THE INPUT START

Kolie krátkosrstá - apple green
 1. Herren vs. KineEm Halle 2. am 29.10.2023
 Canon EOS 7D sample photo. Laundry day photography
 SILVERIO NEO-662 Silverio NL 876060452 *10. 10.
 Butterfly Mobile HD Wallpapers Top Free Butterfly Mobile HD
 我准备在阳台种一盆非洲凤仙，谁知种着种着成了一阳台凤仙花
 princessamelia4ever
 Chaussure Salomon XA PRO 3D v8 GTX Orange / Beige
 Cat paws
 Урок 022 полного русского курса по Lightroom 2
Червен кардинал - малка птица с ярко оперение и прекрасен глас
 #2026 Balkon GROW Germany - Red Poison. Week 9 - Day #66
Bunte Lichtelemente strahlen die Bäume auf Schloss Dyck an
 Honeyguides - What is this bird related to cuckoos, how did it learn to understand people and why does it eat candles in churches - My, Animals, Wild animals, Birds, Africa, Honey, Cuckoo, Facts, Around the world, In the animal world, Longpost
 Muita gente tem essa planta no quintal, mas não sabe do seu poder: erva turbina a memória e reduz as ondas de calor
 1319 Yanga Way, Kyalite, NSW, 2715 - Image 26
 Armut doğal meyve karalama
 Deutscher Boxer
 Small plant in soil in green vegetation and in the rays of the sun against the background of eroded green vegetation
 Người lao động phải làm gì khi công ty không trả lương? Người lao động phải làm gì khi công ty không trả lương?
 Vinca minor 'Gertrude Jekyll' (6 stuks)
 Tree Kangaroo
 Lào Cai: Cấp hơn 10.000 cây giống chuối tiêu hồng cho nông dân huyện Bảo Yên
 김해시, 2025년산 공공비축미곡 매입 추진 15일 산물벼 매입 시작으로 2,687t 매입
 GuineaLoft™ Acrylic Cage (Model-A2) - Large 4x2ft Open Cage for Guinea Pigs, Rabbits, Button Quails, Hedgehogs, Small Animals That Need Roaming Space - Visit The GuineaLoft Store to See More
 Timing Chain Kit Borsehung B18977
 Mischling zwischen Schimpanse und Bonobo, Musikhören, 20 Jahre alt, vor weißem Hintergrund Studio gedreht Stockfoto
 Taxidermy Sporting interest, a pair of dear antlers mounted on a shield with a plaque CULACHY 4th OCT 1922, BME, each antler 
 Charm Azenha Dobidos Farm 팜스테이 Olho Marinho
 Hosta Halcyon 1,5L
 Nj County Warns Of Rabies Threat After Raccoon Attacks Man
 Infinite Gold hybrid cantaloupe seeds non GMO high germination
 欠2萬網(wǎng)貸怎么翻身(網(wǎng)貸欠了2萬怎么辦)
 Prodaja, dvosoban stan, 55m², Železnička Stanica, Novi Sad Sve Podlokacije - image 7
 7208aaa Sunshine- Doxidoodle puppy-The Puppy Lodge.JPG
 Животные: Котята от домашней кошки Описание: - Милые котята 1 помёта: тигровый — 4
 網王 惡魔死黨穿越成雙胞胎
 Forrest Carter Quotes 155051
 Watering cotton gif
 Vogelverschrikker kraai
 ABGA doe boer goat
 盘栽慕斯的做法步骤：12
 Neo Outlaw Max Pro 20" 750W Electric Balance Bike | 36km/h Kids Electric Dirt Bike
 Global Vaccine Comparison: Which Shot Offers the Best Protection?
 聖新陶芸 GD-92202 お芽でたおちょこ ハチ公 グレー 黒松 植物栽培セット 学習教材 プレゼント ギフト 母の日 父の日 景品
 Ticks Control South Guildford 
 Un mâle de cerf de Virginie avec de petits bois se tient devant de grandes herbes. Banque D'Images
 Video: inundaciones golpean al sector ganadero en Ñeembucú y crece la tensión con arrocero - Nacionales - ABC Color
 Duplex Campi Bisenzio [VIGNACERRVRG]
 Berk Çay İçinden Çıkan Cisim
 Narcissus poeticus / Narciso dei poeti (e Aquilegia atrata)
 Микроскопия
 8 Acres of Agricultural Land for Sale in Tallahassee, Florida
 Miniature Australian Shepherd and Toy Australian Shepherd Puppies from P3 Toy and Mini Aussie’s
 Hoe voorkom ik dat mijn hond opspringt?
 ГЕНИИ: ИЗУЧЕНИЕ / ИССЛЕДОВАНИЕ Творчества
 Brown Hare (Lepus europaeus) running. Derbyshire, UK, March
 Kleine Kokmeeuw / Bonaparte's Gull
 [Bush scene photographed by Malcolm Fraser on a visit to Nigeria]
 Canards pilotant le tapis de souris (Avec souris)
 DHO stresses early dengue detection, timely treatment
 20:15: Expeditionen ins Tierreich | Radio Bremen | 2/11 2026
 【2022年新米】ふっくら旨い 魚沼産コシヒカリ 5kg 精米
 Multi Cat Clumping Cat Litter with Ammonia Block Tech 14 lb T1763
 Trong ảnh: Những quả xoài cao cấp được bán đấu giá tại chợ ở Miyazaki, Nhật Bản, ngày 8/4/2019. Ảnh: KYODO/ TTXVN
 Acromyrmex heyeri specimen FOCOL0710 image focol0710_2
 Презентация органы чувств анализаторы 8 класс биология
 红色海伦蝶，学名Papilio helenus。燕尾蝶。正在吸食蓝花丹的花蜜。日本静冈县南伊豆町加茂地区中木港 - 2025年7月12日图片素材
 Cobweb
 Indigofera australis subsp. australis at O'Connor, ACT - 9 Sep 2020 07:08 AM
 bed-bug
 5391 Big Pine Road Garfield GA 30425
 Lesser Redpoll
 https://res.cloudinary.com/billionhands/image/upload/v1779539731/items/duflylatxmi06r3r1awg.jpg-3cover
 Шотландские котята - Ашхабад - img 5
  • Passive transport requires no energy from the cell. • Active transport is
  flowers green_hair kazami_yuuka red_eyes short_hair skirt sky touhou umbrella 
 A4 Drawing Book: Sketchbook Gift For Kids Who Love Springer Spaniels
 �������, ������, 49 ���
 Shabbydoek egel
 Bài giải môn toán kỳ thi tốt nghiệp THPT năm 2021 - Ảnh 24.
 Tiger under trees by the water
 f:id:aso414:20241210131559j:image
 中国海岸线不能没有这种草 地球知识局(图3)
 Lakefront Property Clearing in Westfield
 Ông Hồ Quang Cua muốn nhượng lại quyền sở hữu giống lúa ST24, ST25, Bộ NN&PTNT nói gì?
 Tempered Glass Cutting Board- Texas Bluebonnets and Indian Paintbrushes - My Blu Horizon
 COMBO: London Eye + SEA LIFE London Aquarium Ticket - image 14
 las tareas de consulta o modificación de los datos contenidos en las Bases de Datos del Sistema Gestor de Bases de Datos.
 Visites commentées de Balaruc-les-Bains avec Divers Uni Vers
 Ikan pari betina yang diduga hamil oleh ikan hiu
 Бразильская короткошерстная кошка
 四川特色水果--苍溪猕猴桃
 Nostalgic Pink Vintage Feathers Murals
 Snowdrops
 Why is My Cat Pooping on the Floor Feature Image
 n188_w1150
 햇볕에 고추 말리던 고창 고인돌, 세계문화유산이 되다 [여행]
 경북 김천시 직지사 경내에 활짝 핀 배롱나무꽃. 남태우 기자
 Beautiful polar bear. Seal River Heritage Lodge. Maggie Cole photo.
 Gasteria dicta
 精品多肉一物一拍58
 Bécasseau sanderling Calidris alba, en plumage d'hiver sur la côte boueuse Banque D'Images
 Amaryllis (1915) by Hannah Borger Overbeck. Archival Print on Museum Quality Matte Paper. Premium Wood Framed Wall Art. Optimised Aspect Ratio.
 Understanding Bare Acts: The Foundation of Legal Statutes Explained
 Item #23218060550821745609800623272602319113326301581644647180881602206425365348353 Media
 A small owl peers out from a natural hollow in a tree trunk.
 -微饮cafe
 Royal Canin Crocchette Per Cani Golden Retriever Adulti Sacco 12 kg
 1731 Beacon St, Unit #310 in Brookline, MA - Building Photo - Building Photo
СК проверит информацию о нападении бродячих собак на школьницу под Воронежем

THE INPUT END

**PROBLEM DETAILS**
Take the records above and return, word for word, only the lines that fall from the line with "四川特色水果--苍溪猕猴桃" to the line with "Bécasseau sanderling Calidris", both of them included.

**TASK OUTPUT**
 四川特色水果--苍溪猕猴桃
 Nostalgic Pink Vintage Feathers Murals
 Snowdrops
 Why is My Cat Pooping on the Floor Feature Image
 n188_w1150
 햇볕에 고추 말리던 고창 고인돌, 세계문화유산이 되다 [여행]
 경북 김천시 직지사 경내에 활짝 핀 배롱나무꽃. 남태우 기자
 Beautiful polar bear. Seal River Heritage Lodge. Maggie Cole photo.
 Gasteria dicta
 精品多肉一物一拍58
 Bécasseau sanderling Calidris alba, en plumage d'hiver sur la côte boueuse Banque D'Images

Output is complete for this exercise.